Надо сказать, что перевороты для XVIII века были типичны. И в 1725, и в 1730, и в 1741 гг. их также осуществила гвардия. Но тогда она своим насилием как бы «подправляла» в нужную сторону пресловутый петровский указ о престолонаследии и возводила на трон того, кто был, по ее мнению, более законен. В 1762 г. переворот оказался совсем иного окраса. В России впервые был свергнут вполне законный (легитимный) государь и на его место посажена женщина, не имевшая никаких прав на российский трон [244].
Екатерина, однако, сумела понять одну из главных «осо-бостей» России, резко отличную от всего того, к чему ее приучали с детства, в Германии, – беспрекословно чтить законы. В России же о законах вспоминали только в связи с обстоятельствами. Если они подсказывали выгоды в нарушении закона, то его и нарушали с легким сердцем; если «обстоятельства» требовали вообще забыть о законе, о нем и не вспоминали вовсе. Поэтому Екатерина рассудила здраво, вполне по-российски: пока она будет хороша для своих приближенных и не очень будет досаждать своим подданным, то никто не посмеет напомнить ей, каким образом она заполучила российский престол, никто не попрекнет ее кровью супруга, убитого с ее молчаливого согласия.
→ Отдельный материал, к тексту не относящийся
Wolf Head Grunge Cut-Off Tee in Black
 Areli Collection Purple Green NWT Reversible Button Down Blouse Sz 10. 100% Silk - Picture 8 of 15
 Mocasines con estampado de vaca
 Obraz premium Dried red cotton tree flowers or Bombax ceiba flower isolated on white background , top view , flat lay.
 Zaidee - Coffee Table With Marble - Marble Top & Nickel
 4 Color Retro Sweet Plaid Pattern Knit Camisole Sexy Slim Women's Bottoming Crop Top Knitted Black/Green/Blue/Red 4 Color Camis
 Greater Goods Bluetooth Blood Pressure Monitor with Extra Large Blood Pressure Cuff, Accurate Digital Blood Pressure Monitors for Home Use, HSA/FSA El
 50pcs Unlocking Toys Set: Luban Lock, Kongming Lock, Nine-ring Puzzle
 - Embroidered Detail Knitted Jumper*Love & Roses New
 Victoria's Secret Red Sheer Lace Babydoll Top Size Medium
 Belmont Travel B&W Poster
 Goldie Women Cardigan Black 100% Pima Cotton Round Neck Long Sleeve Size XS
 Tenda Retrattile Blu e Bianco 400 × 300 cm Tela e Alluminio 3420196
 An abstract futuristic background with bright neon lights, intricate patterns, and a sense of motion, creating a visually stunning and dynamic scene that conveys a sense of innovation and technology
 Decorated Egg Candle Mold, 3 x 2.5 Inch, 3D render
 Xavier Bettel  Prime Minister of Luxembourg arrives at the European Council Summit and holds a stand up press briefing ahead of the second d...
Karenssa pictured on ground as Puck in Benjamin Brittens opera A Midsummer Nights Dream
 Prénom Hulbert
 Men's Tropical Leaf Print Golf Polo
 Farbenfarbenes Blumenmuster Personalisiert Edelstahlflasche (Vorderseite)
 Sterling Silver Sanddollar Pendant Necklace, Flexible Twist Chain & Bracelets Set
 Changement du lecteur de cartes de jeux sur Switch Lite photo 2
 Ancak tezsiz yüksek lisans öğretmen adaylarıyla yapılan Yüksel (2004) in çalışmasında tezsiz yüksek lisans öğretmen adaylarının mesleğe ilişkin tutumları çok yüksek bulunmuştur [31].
И она старалась.
Основной своей опорой Екатерина II сделала дворянство [245], умело воспользовавшись законом Петра III от 18 февраля 1762 г. «О даровании вольности и свободы всему российскому дворянству». По мере того, как дворянство входило в силу, менялось и отношение к нему со стороны властей. До Петра I все дворянство было обязано нести воинскую службу, ничему не обучаясь специально. Петр, в полном соответствии с просветительским и созидательным духом своих реформ, обязал дворян учиться, не освободив их от военной службы. Петр III пошел еще дальше: он отдал военную службу на усмотрение самих дворян, зато дворянские дети теперь были обязаны учиться «по установленной программе». Большая часть родовитого дворянства, имевшая свои земли, сразу же осела на них и стала заниматься земледелием «по-дворянски», т.е. паразитируя на подневольном труде крепостных.